Urbanski supports the concept of giving more authority to principals and teachers to run their schools. She also emphasizes that she is the only woman in the race, hoping to capture the female vote.

Perhaps the most organized of the Republican City Council candidates, Urbanski campaigns with signs urging voters to "Take Back Your City." Urbanski says she hopes the slogan will prod community action against drug dealers and other criminals.

One of her Democratic opponents takes a different view.

"I take her slogan as a clear racial message to whites which I resent," says one-term incumbent Wilbur E. "Bill" Cunningham.

He and the other Democratic candidates in the 3rd -- newcomer Martin O'Malley and Martin E. "Mike" Curran, a three-term incumbent -- are campaigning on the same ticket.

The three will focus on the last weeks before the election, says O'Malley, who finished first in the Democratic primary.

Meanwhile, Reuter, 43, says his campaign got off to a slow start because of an illness in his family. A disabled veteran, Reuter is an articulate advocate for rights for the disabled.

Simms-El could not be reached to comment on his campaign. During the primary, he expressed concern about crime. If elected, he has indicated, he'll sponsor legislation to reduce the number of handguns and automatic weapons and support stronger penalties for using them.

In the 5th District, Rosen is campaigning mainly in the white areas of the district. "I have limited resources so I'm just campaigning in the areas where I have the best chance for votes," says Rosen, 49, a self-employed accountant.
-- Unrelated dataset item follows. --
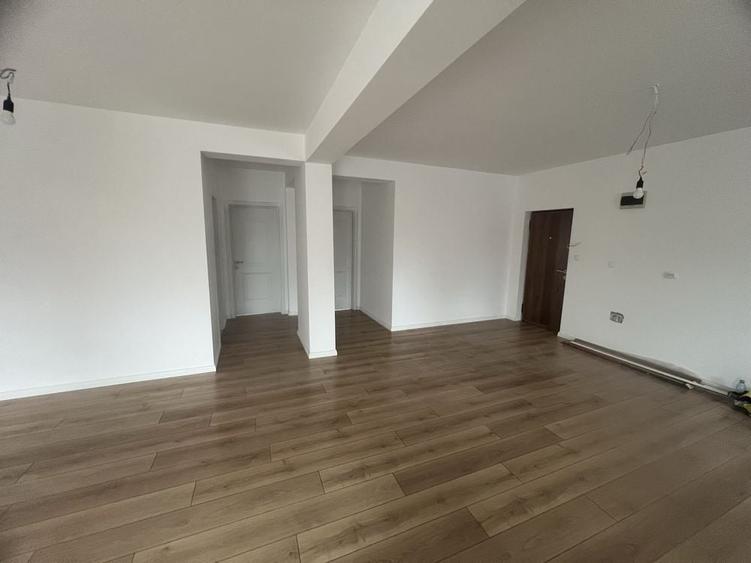 Apartament cu 3 camere în Unirea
To increase city revenue, Rosen favors imposing property taxes on now exempt non-profit institutions.

Deckret, 42, the other GOP candidate in the 5th, says his campaign got off to a late start because of his work to win passage for Question L, a referendum calling for 18 single-member council districts. The city now is divided into six three-member districts.

Deckret says he supports reducing the size of city government, lowering property taxes and turning control of the classroom back over to teachers.
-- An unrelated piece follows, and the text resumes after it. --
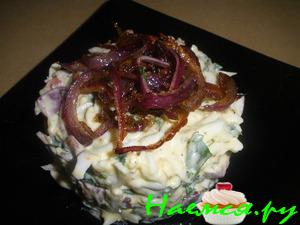 Салат яичный с карамелизированным луком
The Democratic incumbents, Rochelle Rikki Spector, Iris G. Reeves and Vera P. Hall, are conducting a low-key campaign.

"We think we did an effective enough job in getting our message out in the primary," says Reeves.

In the 6th district, Howe is running a quiet campaign. Like Rosen and Deckret in the 5th, Howe is concentrating his efforts in the white neighborhoods of the district.

A black never has held a council seat in the 6th. In September, Melvin L. Stukes became the first black candidate to win the Democratic nomination for one of the district's council seats.

Howe is hoping to capitalize on a white backlash stemming from Stukes' victory.

Howe says he agrees with the incumbents on most issues, but he promises to do a better job of taking care of the district's problems.

Incumbents Joseph J. DiBlasi and Timothy D. Murphy have been campaigning with Stukes.